Instructions for the task - Locate, in the data below, the line that contains "KSIX Coque iPhone" and the line that contains "Pulsar Anodized Aluminum"; reproduce exactly those two lines and every line between them, nothing more.

Provided data -
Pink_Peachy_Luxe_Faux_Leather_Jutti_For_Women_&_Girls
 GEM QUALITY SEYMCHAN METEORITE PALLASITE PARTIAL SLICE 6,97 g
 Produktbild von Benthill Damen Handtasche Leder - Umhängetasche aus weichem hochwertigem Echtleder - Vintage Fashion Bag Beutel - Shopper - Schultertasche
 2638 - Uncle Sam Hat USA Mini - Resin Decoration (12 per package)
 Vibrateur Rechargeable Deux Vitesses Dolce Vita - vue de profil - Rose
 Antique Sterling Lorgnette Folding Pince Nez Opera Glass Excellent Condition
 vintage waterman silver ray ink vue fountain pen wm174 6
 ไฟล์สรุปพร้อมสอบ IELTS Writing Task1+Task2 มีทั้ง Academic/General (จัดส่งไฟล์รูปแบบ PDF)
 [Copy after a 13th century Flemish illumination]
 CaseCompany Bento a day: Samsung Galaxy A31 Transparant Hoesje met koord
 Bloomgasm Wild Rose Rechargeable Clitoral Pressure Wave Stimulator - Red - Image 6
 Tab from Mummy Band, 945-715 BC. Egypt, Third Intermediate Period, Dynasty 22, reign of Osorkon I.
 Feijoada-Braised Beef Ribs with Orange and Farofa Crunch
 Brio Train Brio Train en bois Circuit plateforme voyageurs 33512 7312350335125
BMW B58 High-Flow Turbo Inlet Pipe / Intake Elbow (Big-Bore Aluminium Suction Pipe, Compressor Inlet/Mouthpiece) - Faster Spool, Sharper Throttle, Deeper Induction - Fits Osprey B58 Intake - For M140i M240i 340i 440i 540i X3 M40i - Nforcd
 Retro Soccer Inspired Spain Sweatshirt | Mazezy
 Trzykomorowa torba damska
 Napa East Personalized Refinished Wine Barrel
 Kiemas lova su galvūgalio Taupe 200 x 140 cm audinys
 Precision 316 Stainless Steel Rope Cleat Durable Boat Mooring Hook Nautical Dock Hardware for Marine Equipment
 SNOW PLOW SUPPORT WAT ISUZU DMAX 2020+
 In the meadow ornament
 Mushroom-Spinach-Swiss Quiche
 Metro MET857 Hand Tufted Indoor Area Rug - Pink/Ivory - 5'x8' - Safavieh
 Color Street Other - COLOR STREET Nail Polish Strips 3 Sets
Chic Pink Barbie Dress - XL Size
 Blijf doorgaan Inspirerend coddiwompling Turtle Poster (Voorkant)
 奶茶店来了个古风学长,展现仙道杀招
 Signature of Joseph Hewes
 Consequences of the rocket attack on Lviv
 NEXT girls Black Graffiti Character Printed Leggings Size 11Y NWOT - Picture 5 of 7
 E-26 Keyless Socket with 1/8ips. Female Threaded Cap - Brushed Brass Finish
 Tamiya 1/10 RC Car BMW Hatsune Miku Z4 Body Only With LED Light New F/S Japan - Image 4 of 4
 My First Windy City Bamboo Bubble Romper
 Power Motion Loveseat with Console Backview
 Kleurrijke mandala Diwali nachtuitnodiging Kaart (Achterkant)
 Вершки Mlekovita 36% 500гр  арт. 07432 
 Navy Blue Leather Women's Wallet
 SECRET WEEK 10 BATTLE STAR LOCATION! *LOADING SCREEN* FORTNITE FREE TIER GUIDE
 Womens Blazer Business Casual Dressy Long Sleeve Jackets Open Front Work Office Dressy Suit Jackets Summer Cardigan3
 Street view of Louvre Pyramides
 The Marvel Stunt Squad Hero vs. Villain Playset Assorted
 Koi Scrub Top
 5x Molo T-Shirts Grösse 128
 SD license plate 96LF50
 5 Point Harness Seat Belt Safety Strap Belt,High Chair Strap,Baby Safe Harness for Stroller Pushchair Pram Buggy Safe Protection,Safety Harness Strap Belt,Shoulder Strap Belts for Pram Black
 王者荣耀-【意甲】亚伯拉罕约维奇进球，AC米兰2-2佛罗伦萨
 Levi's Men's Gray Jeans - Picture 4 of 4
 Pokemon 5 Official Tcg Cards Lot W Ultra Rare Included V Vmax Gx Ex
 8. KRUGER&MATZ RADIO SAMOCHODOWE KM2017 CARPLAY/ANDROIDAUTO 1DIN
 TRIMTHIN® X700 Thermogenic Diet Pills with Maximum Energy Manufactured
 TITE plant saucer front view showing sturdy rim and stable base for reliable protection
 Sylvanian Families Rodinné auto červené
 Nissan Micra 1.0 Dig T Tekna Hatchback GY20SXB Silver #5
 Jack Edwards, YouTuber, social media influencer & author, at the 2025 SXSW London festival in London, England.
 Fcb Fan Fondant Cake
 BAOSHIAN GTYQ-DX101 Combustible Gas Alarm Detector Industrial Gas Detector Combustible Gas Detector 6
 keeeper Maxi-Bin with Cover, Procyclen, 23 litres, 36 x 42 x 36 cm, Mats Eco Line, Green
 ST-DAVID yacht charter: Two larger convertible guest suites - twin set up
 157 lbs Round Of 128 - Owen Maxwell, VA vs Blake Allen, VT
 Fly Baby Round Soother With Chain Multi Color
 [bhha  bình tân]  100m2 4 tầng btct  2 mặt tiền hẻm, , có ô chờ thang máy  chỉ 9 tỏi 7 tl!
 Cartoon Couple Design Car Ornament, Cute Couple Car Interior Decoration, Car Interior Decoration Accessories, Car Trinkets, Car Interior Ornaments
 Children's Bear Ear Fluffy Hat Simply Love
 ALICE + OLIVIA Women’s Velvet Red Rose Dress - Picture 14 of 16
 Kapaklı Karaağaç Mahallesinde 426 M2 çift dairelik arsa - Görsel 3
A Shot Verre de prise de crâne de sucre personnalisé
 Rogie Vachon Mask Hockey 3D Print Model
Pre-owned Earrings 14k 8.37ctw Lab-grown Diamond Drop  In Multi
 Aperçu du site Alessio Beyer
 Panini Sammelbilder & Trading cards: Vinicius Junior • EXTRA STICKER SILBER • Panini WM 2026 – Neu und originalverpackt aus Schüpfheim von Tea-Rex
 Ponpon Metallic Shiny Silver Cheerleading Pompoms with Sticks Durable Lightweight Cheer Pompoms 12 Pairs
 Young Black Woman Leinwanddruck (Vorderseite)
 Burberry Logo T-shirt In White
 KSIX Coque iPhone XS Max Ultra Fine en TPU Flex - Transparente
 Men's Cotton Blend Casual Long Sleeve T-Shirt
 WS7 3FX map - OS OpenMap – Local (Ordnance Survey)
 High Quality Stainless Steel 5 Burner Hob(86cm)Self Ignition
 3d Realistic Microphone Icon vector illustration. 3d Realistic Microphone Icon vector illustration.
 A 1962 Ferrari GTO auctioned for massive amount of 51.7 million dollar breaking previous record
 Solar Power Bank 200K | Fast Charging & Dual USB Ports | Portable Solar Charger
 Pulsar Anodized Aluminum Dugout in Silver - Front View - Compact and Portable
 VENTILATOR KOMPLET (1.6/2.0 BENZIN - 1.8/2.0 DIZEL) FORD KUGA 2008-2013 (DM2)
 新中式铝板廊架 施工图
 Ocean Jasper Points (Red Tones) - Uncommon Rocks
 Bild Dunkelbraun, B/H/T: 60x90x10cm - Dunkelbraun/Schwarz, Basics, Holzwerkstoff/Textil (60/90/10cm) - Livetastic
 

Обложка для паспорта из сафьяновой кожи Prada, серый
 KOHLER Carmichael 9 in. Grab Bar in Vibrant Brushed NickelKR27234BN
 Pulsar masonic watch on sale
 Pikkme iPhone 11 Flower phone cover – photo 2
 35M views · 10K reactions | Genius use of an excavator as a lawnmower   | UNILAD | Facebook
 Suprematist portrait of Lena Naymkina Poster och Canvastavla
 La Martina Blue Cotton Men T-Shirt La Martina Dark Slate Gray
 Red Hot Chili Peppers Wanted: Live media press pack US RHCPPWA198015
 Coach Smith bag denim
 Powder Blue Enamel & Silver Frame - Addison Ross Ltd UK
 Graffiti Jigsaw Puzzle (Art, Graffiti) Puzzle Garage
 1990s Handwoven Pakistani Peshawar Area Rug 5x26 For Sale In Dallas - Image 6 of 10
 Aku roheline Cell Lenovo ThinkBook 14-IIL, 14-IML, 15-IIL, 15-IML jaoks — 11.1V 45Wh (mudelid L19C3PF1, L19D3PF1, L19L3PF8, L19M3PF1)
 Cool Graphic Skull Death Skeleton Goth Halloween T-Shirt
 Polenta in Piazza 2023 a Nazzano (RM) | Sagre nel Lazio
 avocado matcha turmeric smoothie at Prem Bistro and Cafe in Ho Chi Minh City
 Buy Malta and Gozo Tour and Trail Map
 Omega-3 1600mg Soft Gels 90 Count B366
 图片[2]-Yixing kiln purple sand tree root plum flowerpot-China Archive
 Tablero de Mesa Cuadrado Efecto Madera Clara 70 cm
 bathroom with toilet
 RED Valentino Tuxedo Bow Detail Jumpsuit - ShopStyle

Reply -
 KSIX Coque iPhone XS Max Ultra Fine en TPU Flex - Transparente
 Men's Cotton Blend Casual Long Sleeve T-Shirt
 WS7 3FX map - OS OpenMap – Local (Ordnance Survey)
 High Quality Stainless Steel 5 Burner Hob(86cm)Self Ignition
 3d Realistic Microphone Icon vector illustration. 3d Realistic Microphone Icon vector illustration.
 A 1962 Ferrari GTO auctioned for massive amount of 51.7 million dollar breaking previous record
 Solar Power Bank 200K | Fast Charging & Dual USB Ports | Portable Solar Charger
 Pulsar Anodized Aluminum Dugout in Silver - Front View - Compact and Portable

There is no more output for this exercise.